Laplace Benchmark
The core of the Laplace test code is a simple two-dimensional central
differencing scheme. Laplace was developed as a vehicle for motivating
an introductory MPI course and as such, little attention was paid to
performance-related issues.
A rectangular grid is defined at run time by the user. A single layer
of ghost cells surrounds each subdomain. Boundary conditions are set
on the ghost region surrounding the global domain. Boundary values on
the global domain are never updated (read only).
The problem solved by the Laplace benchmark is trivial. The solution is
a plane located at z=1. Boundary variables are set to 1. Interior ghost
cells and the subdomains themselves are initialized to 0. This allowed
a simple estimated error norm to be computed without additional storage
requirements. The feature was added for validation purposes.
Laplace consists of a few hundred lines of Fortran code. The differencing
pattern is a 4-point star. As such, the number of iterations required to
propagate boundary values into the center-of-gravity of the domain is a
function of the mesh dimension along the axis that features the fewest
node points.
The original benchmark code used an explicit scheme. In version 4, the
computational kernel was revised. A Gauss-Seidel variant of the central
differencing scheme was employed for two reasons. It accelerates the
propagation of boundary conditions and requires the absolute minimum
storage requirement.
All floating point data is explicitly declared as REAL*8. Integer sizes
were not specified. It was not necessary as no integers are communicated.
Default compiler settings were used (32 bits for all test platforms).
Working from the Tru64/PBS version, we created AIX/LoadLeveler, Linux/IA-32,
and Linux/IA-64 ports. A timer library based on the gettimeofday() and the
getrusage() functions was also moved to each platform to support internal
measurements including the floating point rate of the computational kernel
and the transfer rate for the communications steps.
NCSA Benchmarks
Dimensioning criteria and iteration counts for the Laplace code are specified
at run time. For the NCSA tests, an effort was made to fill at least 80% of
the memory of the smallest single node to be tested (IA-32 at ~1.25 GB available).
This case was dubbed Small, while Medium and large cases were defined by doubling
and quadrupling this amount across 2 and 4 nodes respectively. In other words,
the Medium and Large cases were sized to fill 80% of multiple IA-32 node memories.
Iteration counts were varied by platform to cause each version of the code to
complete a "Small" simulation in approximately 1 hour.
The row count was fixed across all cases at 8000. Other run-time parameters that
were used are as follows.
Number of columns:
Processors 1 2 4 8 16 21 32 41 64 128
--------------------------------------------------------------------
Small 8000 4000 2000 1000 500 381 250 195 125 63
Medium - 8000 4000 2000 1000 762 500 390 250 125
Large - - 8000 4000 2000 1524 1000 780 500 250
Notes
-----
Cases involving 21 processors were only tested on Copper.
The extent of Copper testing was limited to 32 processors (node size).
Cases involving 41 processors were used to test the Linux clusters.

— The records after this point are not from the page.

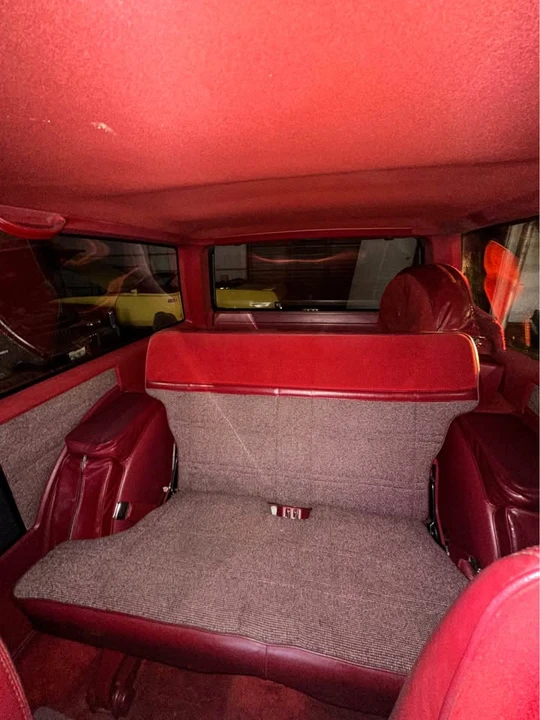 1987 Chevrolet K5 Blazer 2nd Gen - Image 2 of 9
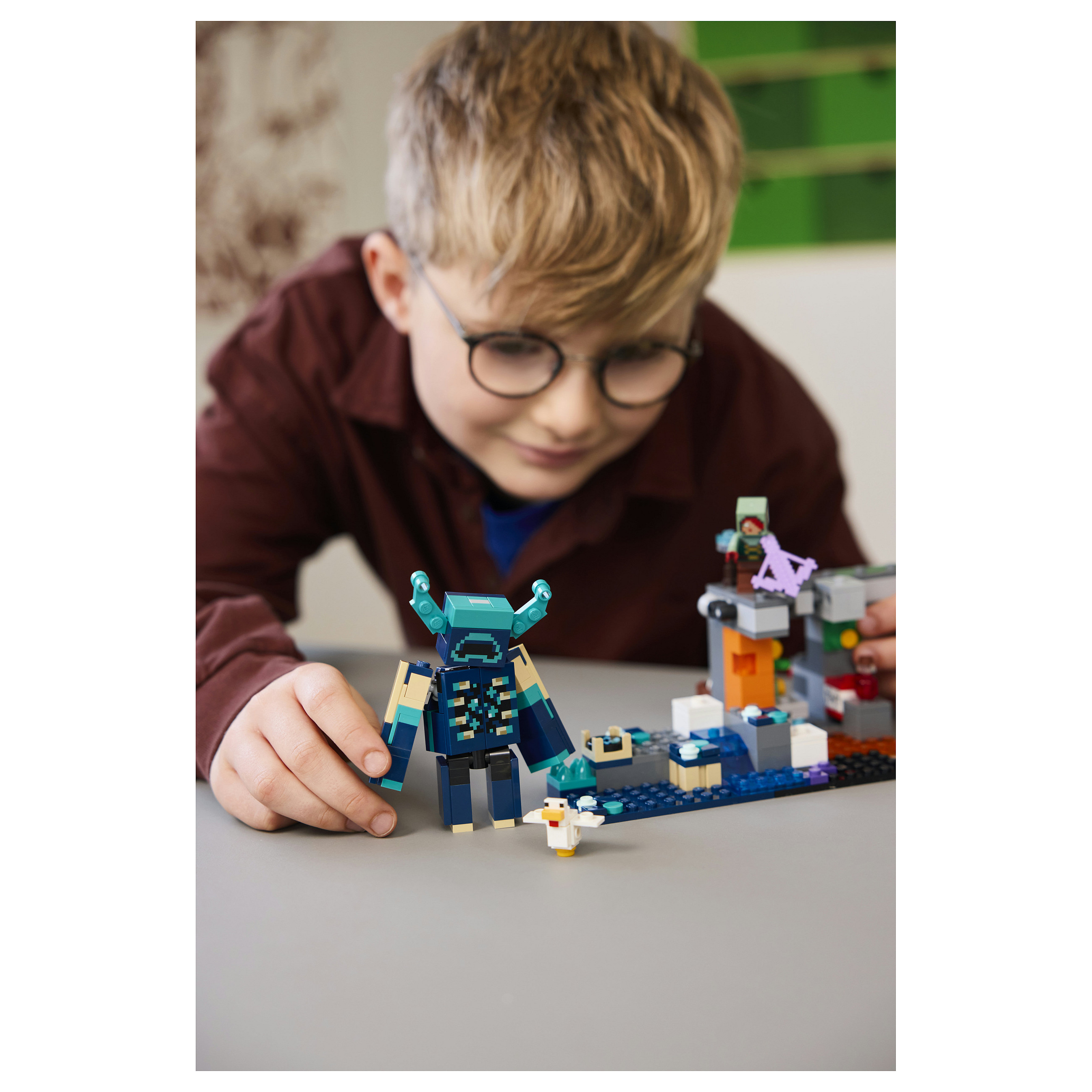 LEGO Minecraft The Warden Encounter thumbnail 5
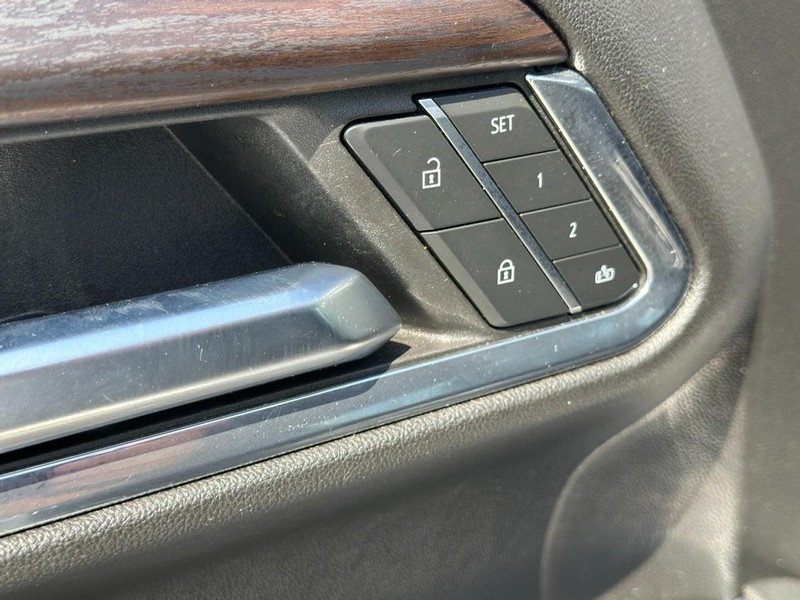 GMC Sierra 1500 Vehicle Full-screen Gallery Image 17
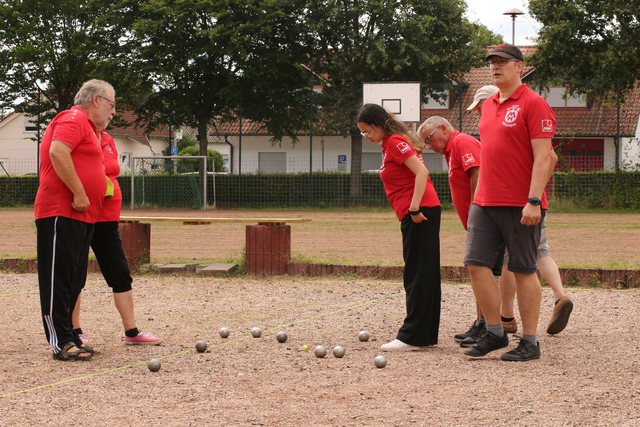 Bezirksliga-Süd in Bornheim | Foto: Paul Lagall, Anette Schangai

Column counts are per-process.
Number of Iterations (fixed across all process counts):
--------------------
p690 Copper AIX LoadLeveler 2500
IA-32 Platinum Linux PBS 500
IA-64 Titan Linux PBS 2000
All Copper tests were performed on a dedicated node. All Linux cluster tests were
performed with the process-per-node count set to 1. See the original Word document
for additional software and hardware details.
Tables and Charts
o Parameters and Tables (Word)
o Charts (Excel)
Analysis of Results
The Laplace code can be configured to test numerous machine characteristics. The
configuration used for the NCSA Benchmarks might be considered 'typical.'
By reducing the column count and increasing the row count, timings can be skewed
towards measurement of message passing rates. Conversely, increasing the column
count and reducing the row count will skew measurements towards measurement of
floating point performance.
Since the problem size was fixed for these experiments, the per-process column
count is decreasing. This creates the potential for increases in performance due
to caching effects. It also means that network timings will likely increase.
The communications pattern amounts to simple shifts on the subdomain ghost cells.
Since the row count was held fixed, the message size also remains fixed. It is
small though at 8,000 x 8 bytes = 64 Kbytes. For a sustainable bandwidth in
the neighborhood of 100 MBytes/s, transmission times will be very small and so
latency is expected to dominate communications timings.
Floating point performance rates were measured externally with hpmcount on Copper
and with the psrun utility on Platinum and Titan. Internal timers report elapsed
time and usage. Corresponding rates are computed for the computational and
communications parts of the code.
Since Laplace is a streaming memory code, we expect floating point rates and
efficiencies to be consistent with the STREAMS benchmark.